EXAGREE: Mitigating Explanation Disagreement with Stakeholder-Aligned Models
This addresses the issue of explanation disagreement for stakeholders in safety-critical domains, representing an incremental improvement by integrating existing concepts into a novel framework.
The paper tackles the problem of conflicting explanations in machine learning models for safety-critical domains by introducing EXAGREE, a framework that selects stakeholder-aligned explanation models, resulting in simultaneous gains in faithfulness, plausibility, and fairness across six real-world datasets while preserving task accuracy.
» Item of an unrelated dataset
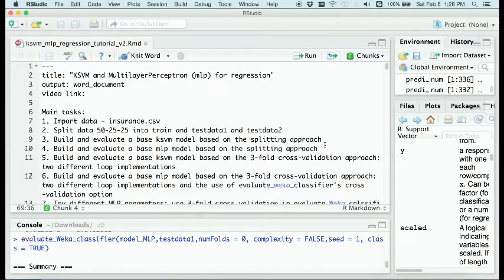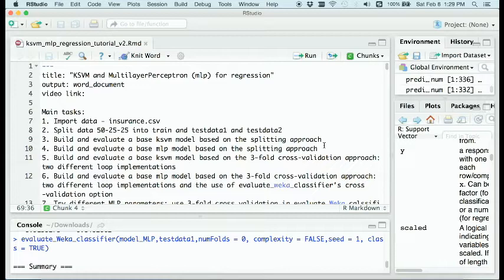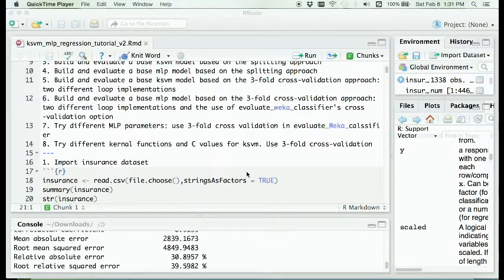Hello class, welcome back. This tutorial will introduce the support vector machine regression and classification model, and also the neural network regression and classification models using the multi-layer perceptron model. We will also use the insurance dataset from our last tutorial for building the regression models, and the income dataset from our decision tree model for building the classification models.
Conflicting explanations, arising from different attribution methods or model internals, limit the adoption of machine learning models in safety-critical domains. We turn this disagreement into an advantage and introduce EXplanation AGREEment (EXAGREE), a two-stage framework that selects a Stakeholder-Aligned Explanation Model (SAEM) from a set of similar-performing models. The selection maximizes Stakeholder-Machine Agreement (SMA), a single metric that unifies faithfulness and plausibility. EXAGREE couples a differentiable mask-based attribution network (DMAN) with monotone differentiable sorting, enabling gradient-based search inside the constrained model space. Experiments on six real-world datasets demonstrate simultaneous gains of faithfulness, plausibility, and fairness over baselines, while preserving task accuracy. Extensive ablation studies, significance tests, and case studies confirm the robustness and feasibility of the method in practice.